While most of southern Iowa was dry, northern portions of the State received some much-needed rain during the week ending August 25, 2013, according to the USDA, National Agricultural Statistics Service. Higher than average temperatures coupled with the lack of significant precipitation heightened concerns over soil moisture and crop conditions. Statewide there was an average of 6.3 days suitable for fieldwork.

A total of 28 percent of topsoil and 34 percent of subsoil was in the adequate and surplus moisture categories, both declining 7 percentage points from last week. Topsoil moisture levels rated 35 percent very short, 37 percent short, 28 percent adequate and 0 percent surplus. Subsoil moisture levels rated 26 percent very short, 40 percent short, 33 percent adequate and 1 percent surplus. With 95 percent of topsoil in the very short and short categories, the Southeast district was the driest in the State.

 
 


With nearly all the corn crop silked, 80 percent of the crop reached the milk stage, trailing the normal 95 percent. Forty-six percent of the crop has reached the dough stage, well behind the normal 77 percent. Nine percent of the corn crop has reached the dent stage, more than two weeks behind normal.
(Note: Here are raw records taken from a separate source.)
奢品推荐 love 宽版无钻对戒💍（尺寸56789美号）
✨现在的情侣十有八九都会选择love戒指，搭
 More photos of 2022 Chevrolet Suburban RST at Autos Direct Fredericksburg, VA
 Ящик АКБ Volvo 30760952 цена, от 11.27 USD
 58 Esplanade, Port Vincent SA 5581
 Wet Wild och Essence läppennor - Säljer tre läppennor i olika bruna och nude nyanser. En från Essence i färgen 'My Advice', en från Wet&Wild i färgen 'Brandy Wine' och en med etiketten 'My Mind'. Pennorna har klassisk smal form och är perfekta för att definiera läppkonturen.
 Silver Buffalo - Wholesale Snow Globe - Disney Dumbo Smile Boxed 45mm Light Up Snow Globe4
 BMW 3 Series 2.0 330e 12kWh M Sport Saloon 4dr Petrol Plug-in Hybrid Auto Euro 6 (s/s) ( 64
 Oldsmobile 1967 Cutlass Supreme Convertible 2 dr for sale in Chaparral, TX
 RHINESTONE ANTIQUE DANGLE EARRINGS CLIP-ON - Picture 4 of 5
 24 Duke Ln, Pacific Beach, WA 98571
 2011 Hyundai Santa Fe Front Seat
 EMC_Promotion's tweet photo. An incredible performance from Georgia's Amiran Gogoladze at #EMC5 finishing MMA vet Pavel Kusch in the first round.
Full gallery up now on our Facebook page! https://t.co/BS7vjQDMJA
Corn condition declined from the previous week, and was rated at 6 percent very poor, 15 percent poor, 35 percent fair, 37 percent good and 7 percent excellent.

With almost all the soybean crop blooming, pods were being set on 83 percent of the soybean crop, behind last year’s 98 percent and the normal 95 percent. Soybean condition declined slightly from last week and was rated 6 percent very poor, 14 percent poor, 35 percent fair, 37 percent good and 8 percent excellent.

The warm and mostly dry conditions allowed harvest of third cutting alfalfa hay to reach 61 percent complete, matching the normal pace, but still well behind last year’s 95 percent. Both hay and pasture conditions continued to deteriorate, and the amount rated in the good and excellent categories fell 5 and 6 percentage points, respectively. Hay condition was rated at 8 percent very poor, 17 percent poor, 34 percent fair, 36 percent good and 5 percent excellent. Pasture condition rated 15 percent very poor, 26 percent poor, 37 percent fair, 20 percent good and 2 percent excellent.

IOWA PRELIMINARY WEATHER SUMMARY
Provided by Harry Hillaker, State Climatologist
Iowa Department of Agriculture & Land Stewardship

Most of Iowa endured another dry week while the mild weather of recent weeks rapidly came to an end. The primary precipitation event of the week came Wednesday (21st) evening into Thursday (22nd) morning with thunderstorms occurring over much of the northern one-third of the state. Rains of an inch or more fell in a narrow band from Plymouth County eastward to Clayton and Allamakee counties. Le Mars reported the most rain from this event with 2.75 inches.

The only other rain of consequence came Saturday (24th) morning over the northwest one-quarter of the state with Hawarden reporting the most rain with 1.61 inches. Unfortunately no rain fell over much of southern Iowa during the past week. The last measurable rain (0.01 inch or more) at Burlington, Mount Pleasant and Keokuk came on July 30. The statewide average precipitation for the past reporting week was 0.34 inches while normal is 0.98 inches.

The week began with unseasonably mild temperatures with Chariton and Battle Creek reporting Sunday (18th) morning lows of 46 degrees. However, temperatures quickly pushed well above normal over western Iowa by Monday (19th) afternoon and statewide on Tuesday (20th). Highest temperatures were 94 degree readings on Wednesday (21st) at Ankeny and Osceola and a 95 degree maximum at Des Moines on Saturday (24th). Temperatures for the week as a whole averaged 3.0 degrees above normal.